Your instructions
Would you give back exactly the lines from the line with "HANNAH MONTANA WHITE" through the end of the entries below, both included, but none of the pictures?

Recorded information
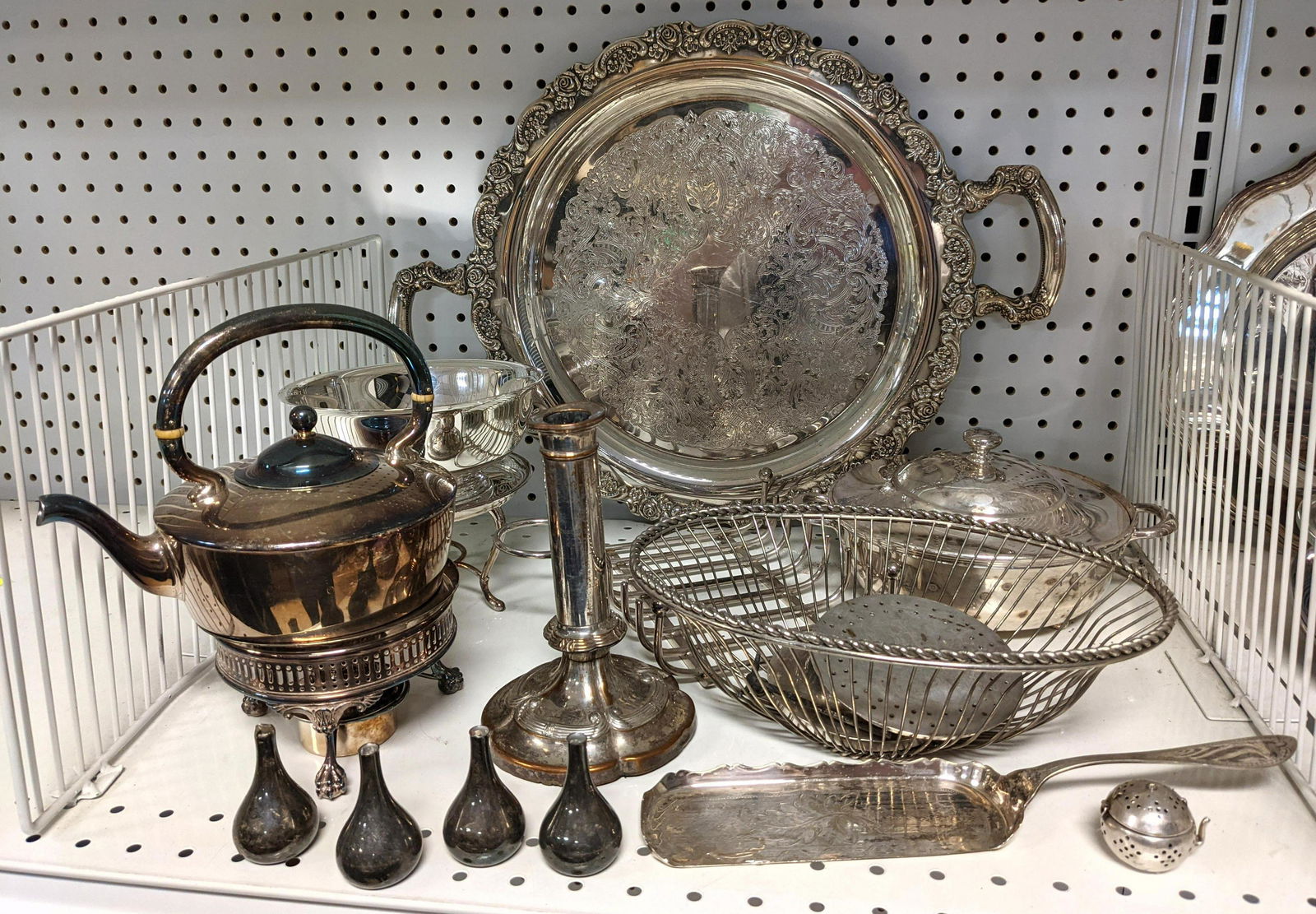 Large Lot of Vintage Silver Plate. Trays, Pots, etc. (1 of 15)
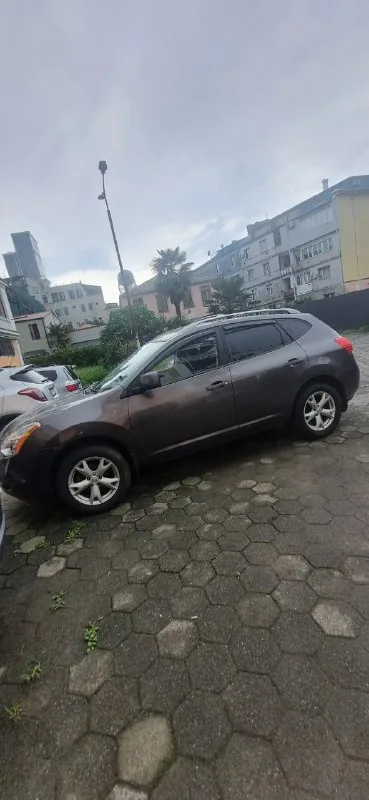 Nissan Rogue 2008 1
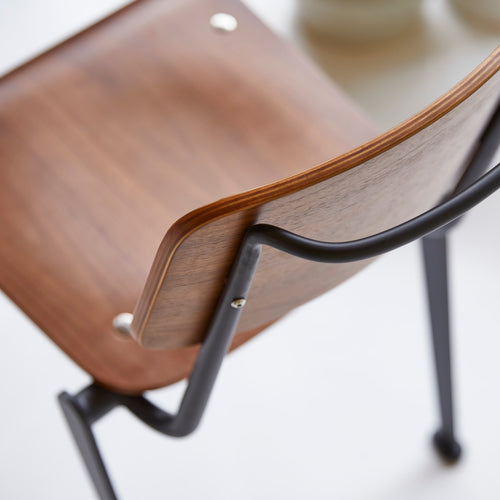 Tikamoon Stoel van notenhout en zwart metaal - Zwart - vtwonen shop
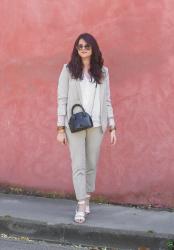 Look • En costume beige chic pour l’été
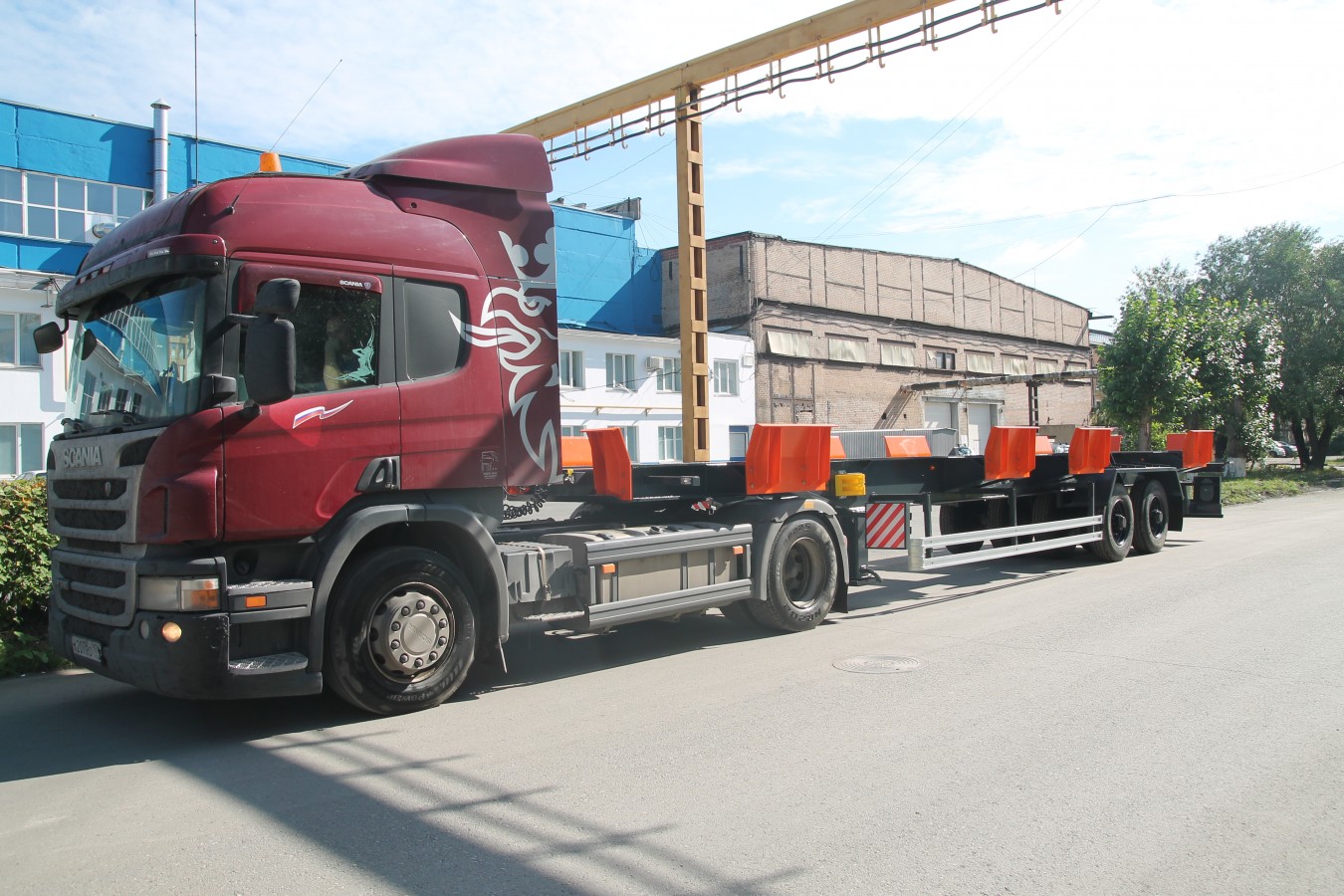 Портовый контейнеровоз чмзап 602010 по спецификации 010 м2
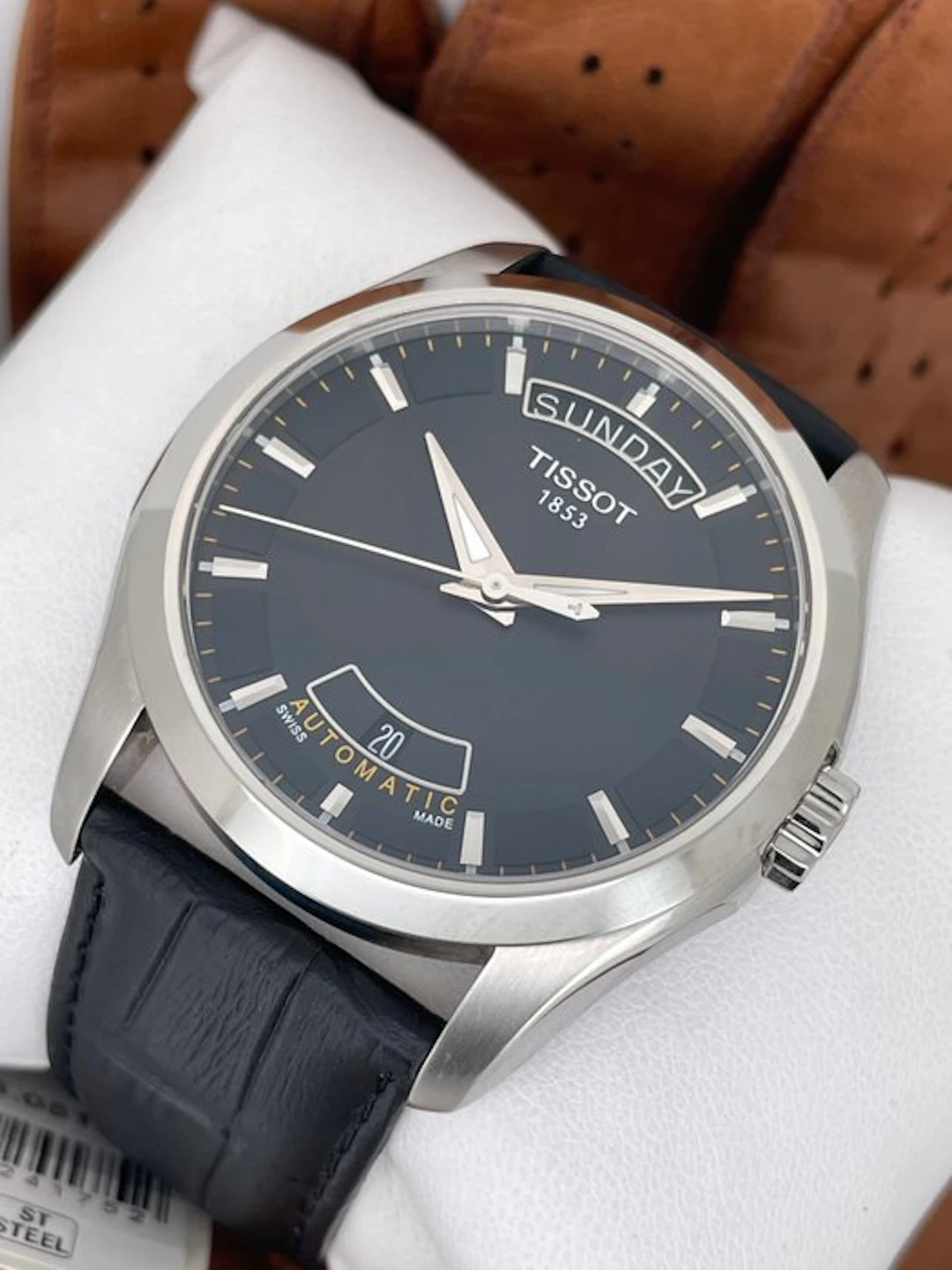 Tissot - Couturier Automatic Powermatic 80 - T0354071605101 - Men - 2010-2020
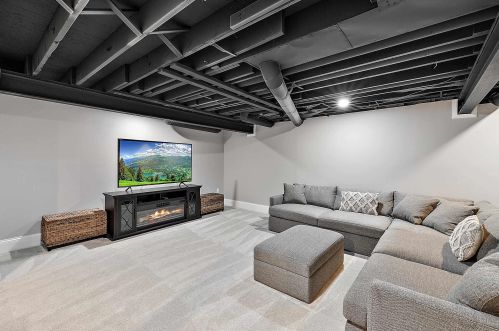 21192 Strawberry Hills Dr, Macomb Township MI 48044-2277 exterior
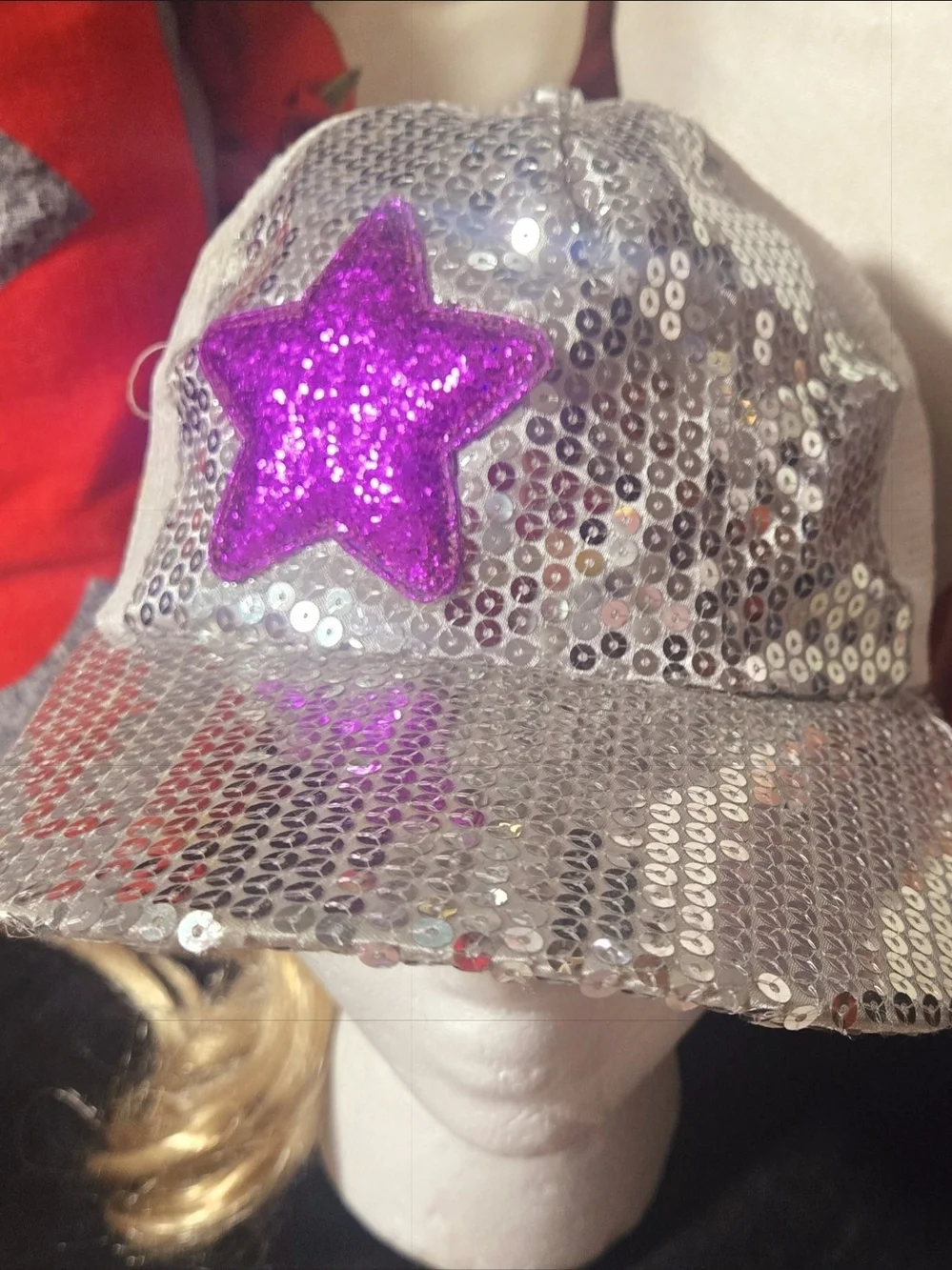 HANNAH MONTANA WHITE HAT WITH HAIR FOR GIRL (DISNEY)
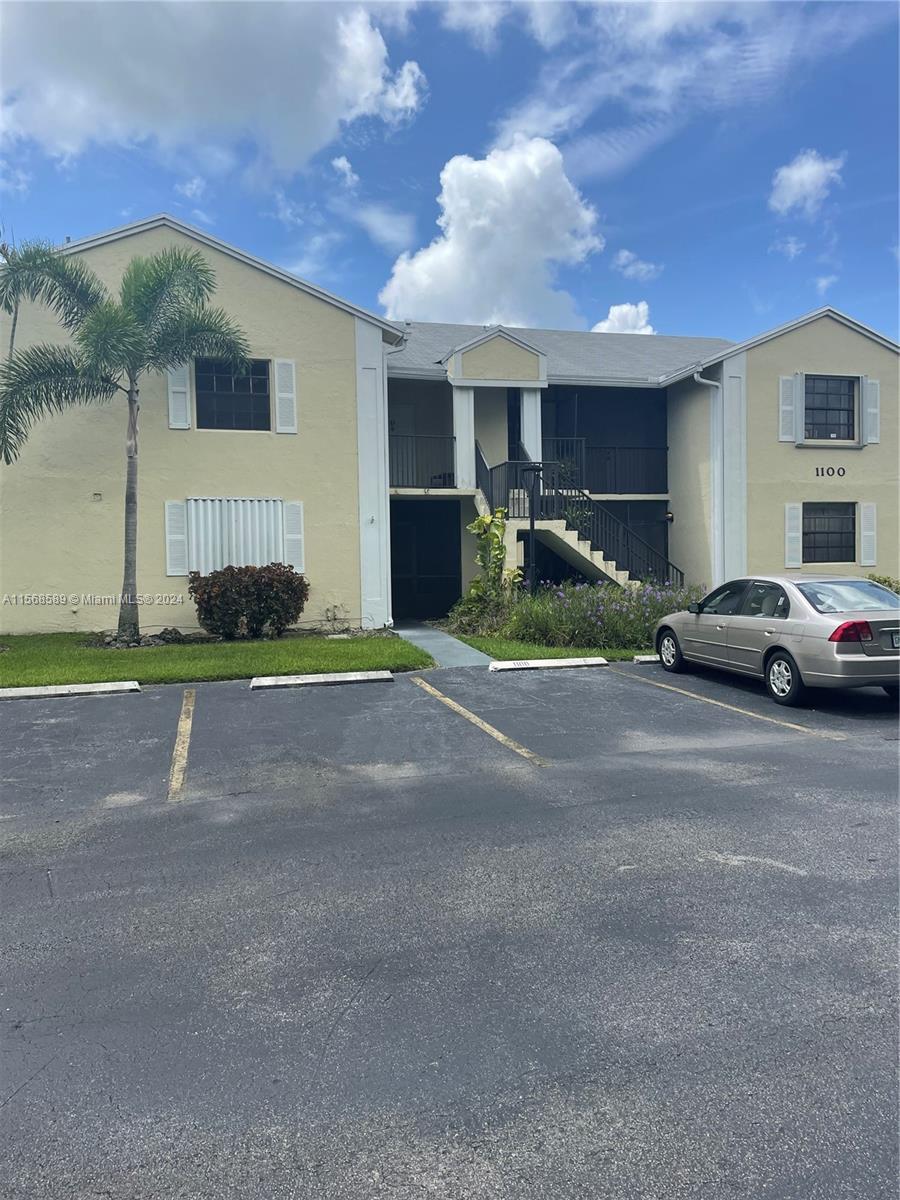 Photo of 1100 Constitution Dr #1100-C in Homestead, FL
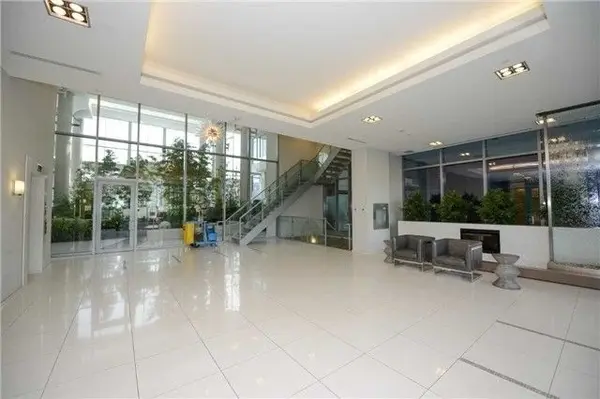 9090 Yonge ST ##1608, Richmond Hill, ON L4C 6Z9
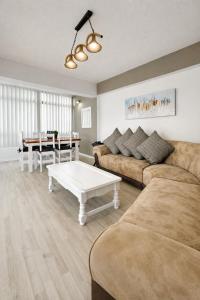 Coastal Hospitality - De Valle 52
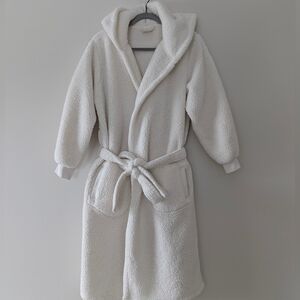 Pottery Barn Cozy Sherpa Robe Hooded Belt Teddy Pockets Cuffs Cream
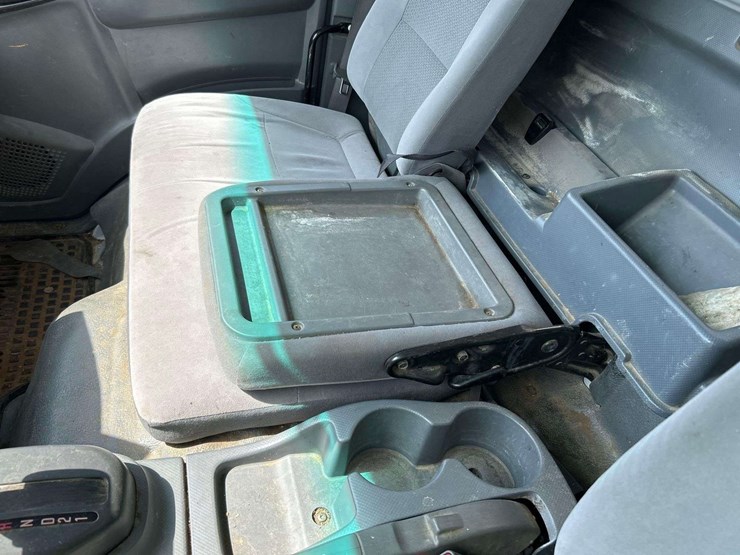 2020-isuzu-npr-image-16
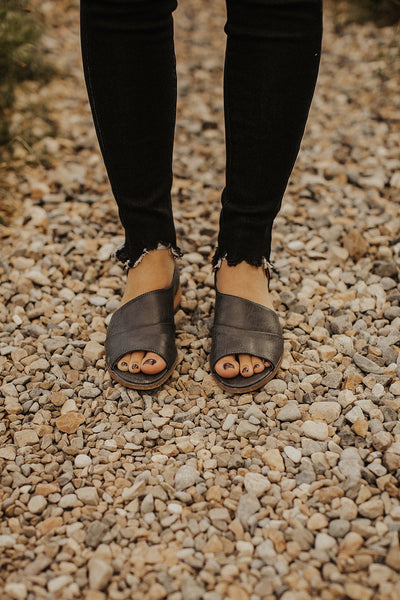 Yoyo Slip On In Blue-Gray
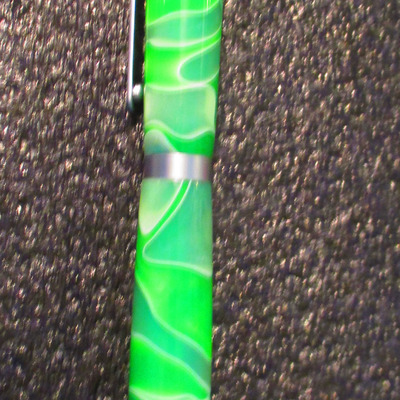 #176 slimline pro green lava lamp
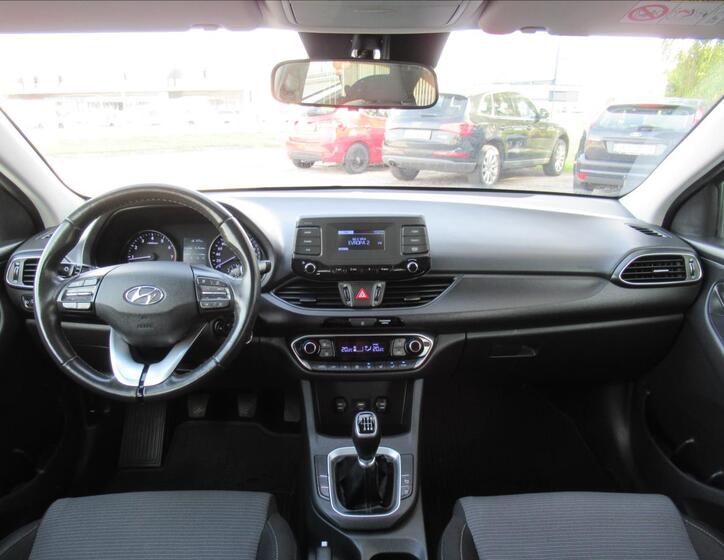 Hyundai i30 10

Answer section
 HANNAH MONTANA WHITE HAT WITH HAIR FOR GIRL (DISNEY)
 Photo of 1100 Constitution Dr #1100-C in Homestead, FL
 9090 Yonge ST ##1608, Richmond Hill, ON L4C 6Z9
 Coastal Hospitality - De Valle 52
 Pottery Barn Cozy Sherpa Robe Hooded Belt Teddy Pockets Cuffs Cream
 2020-isuzu-npr-image-16
 Yoyo Slip On In Blue-Gray
 #176 slimline pro green lava lamp
 Hyundai i30 10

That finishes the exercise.